## RECORDS PROVIDED
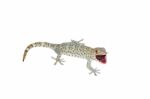 Gecko Reptile Lizard Stock Photo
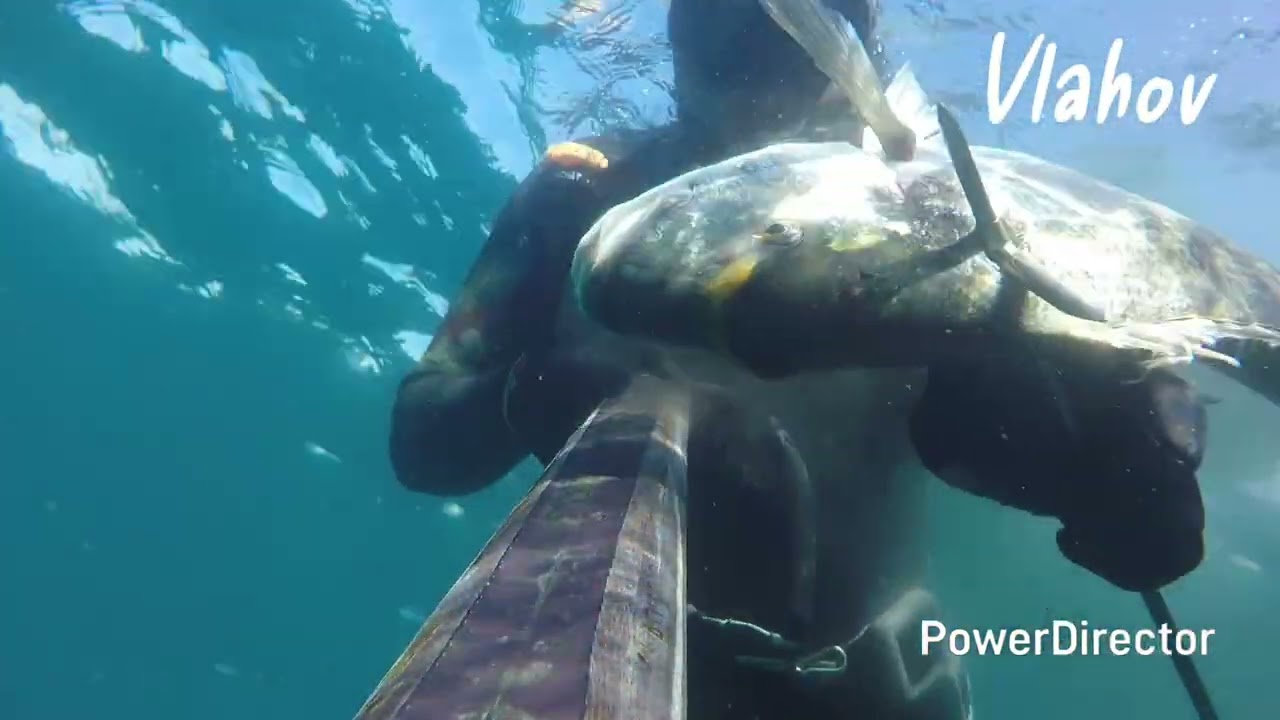 Spearfishing Croatia, Podlanica 3/2025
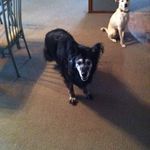 Ralph Winn - @rwinn53 - Instagram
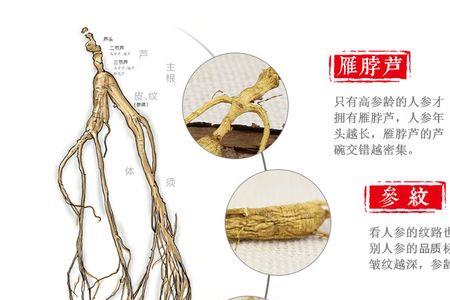 白参和林下参区别
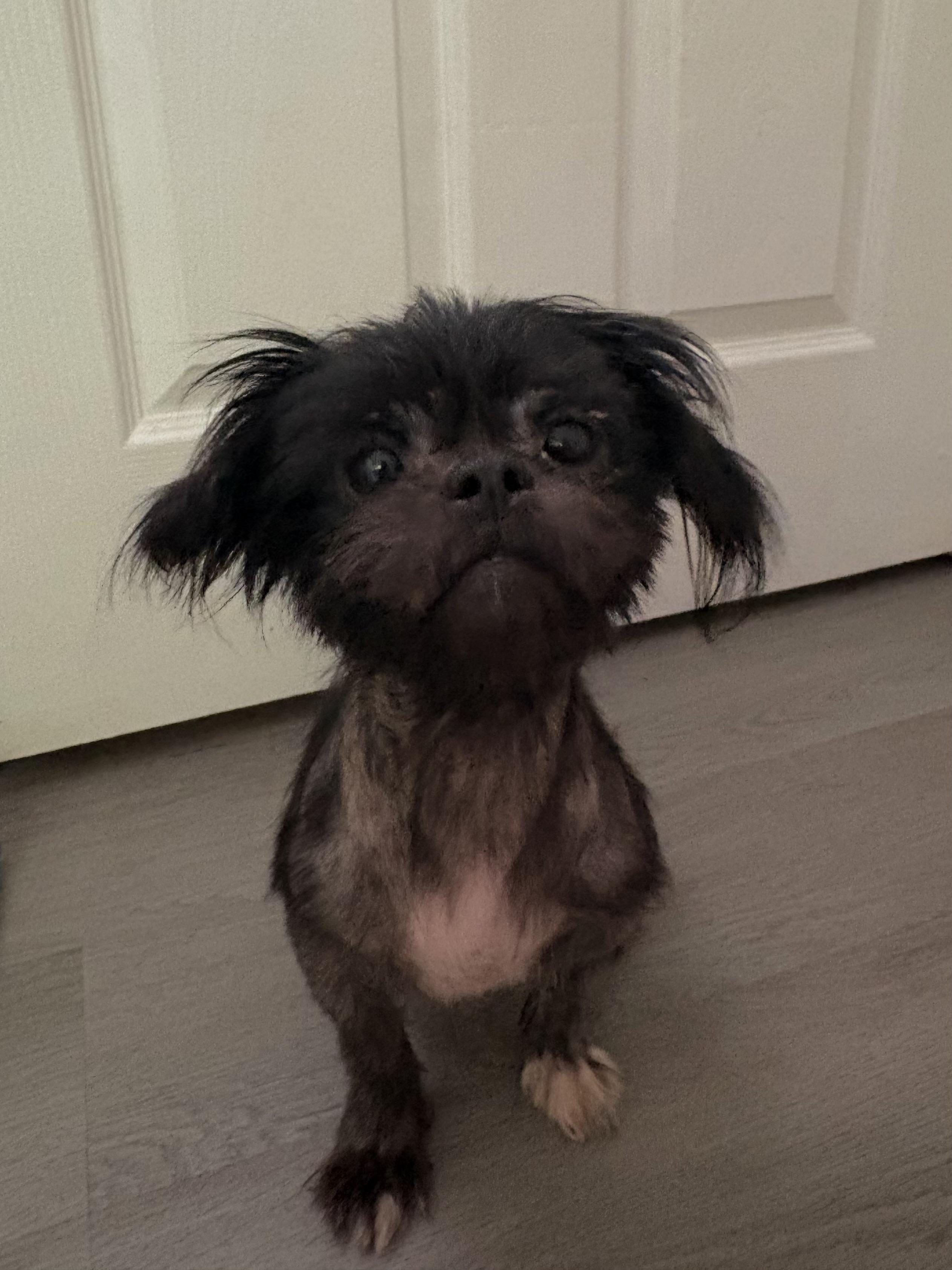 Enlarge Grembalina, an adopted mixed breed in Tampa, FL image 4/6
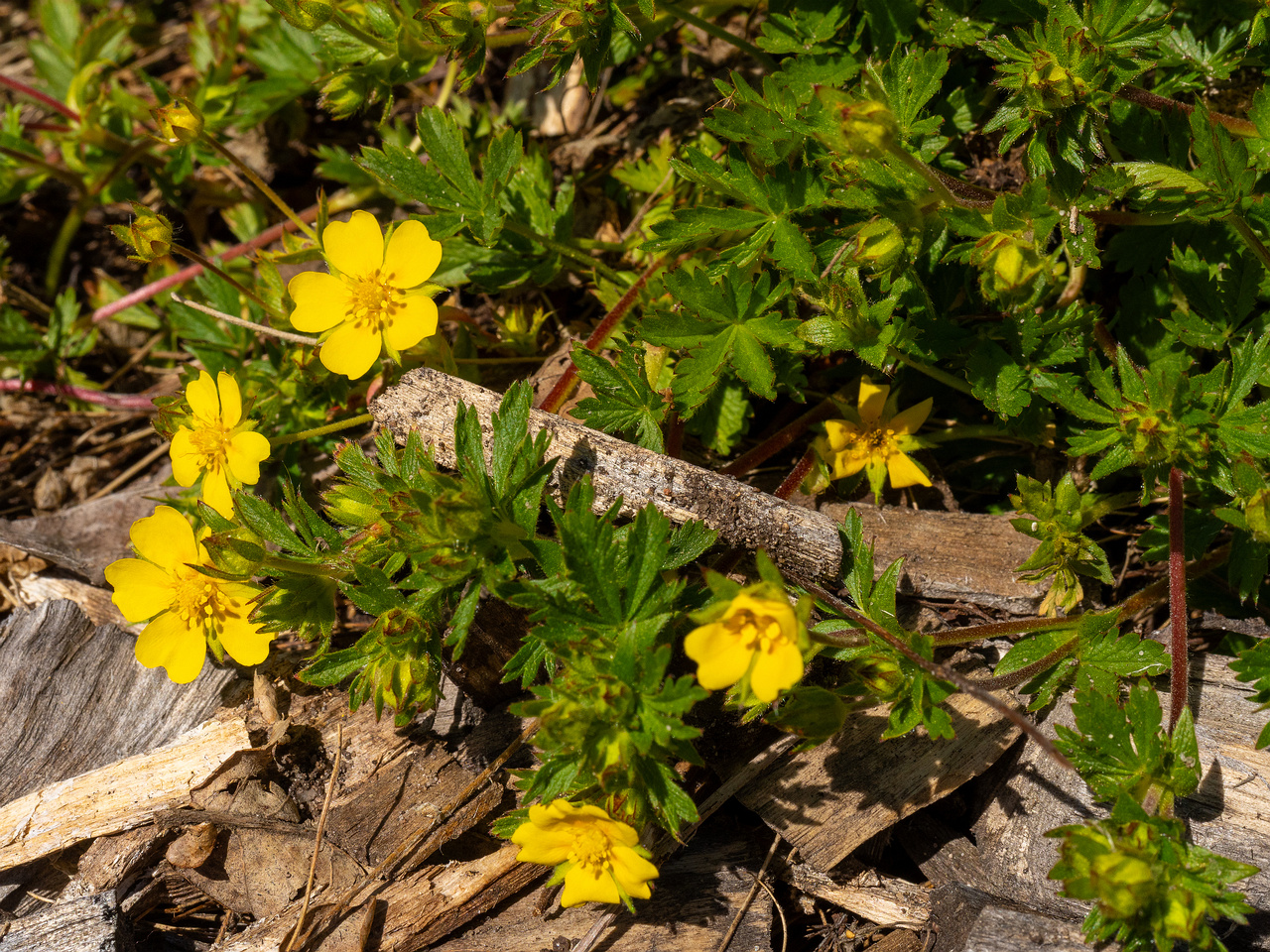 Лапчатка-Кранца_Potentilla-crantzii_1-10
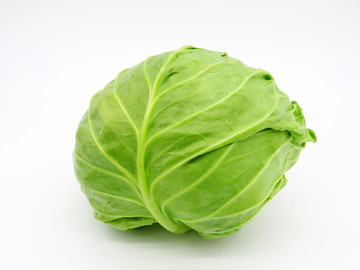 圓白菜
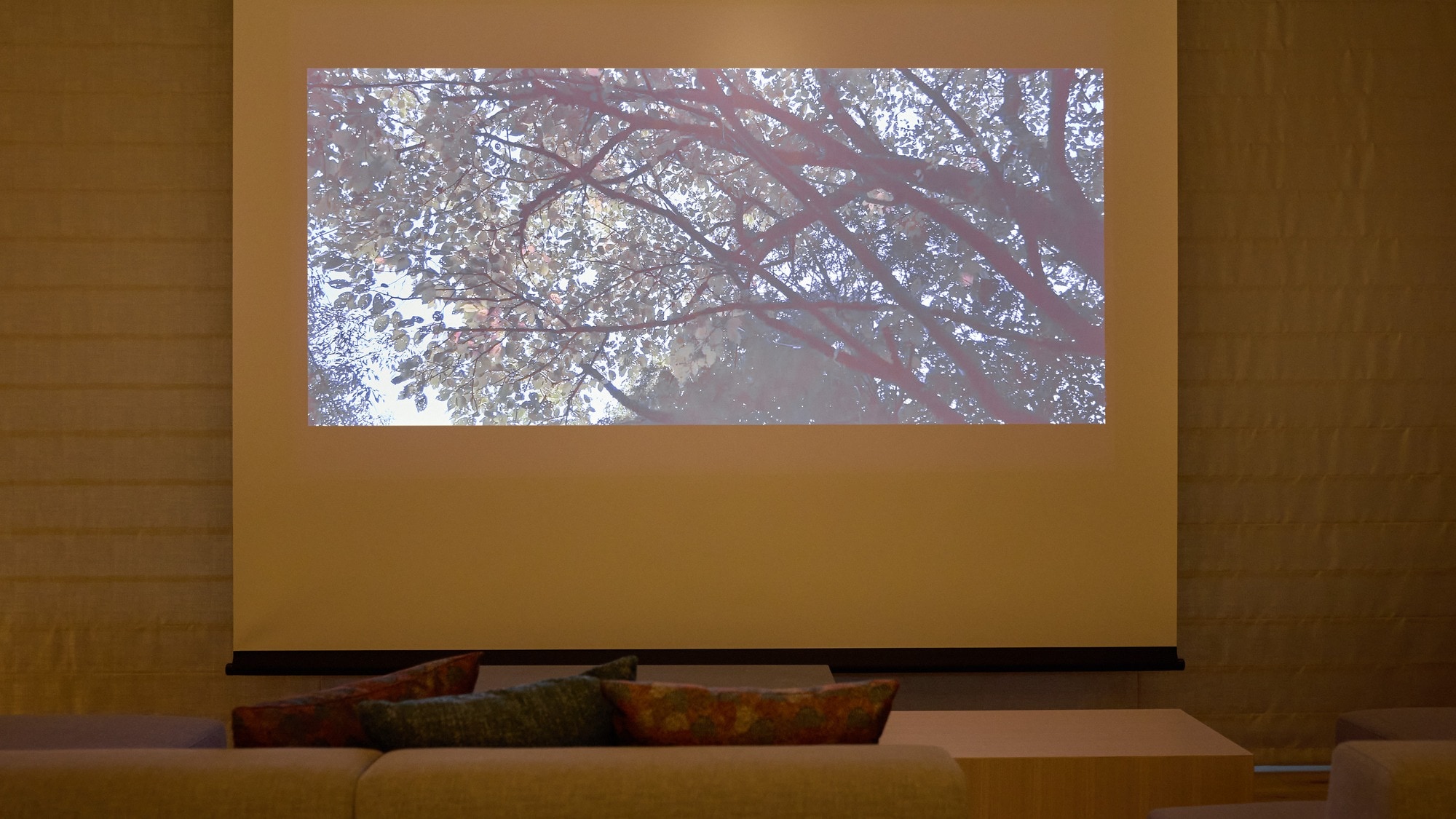 A: Screen + Projector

## TASK PROMPT
Starting at the line with "Ralph Winn - @rwinn53 - Instagram", reproduce exactly each line through the end of the entries, including the first and the last, and skip the pictures.

## ANSWER SPACE
 Ralph Winn - @rwinn53 - Instagram
 白参和林下参区别
 Enlarge Grembalina, an adopted mixed breed in Tampa, FL image 4/6
 Лапчатка-Кранца_Potentilla-crantzii_1-10
 圓白菜
 A: Screen + Projector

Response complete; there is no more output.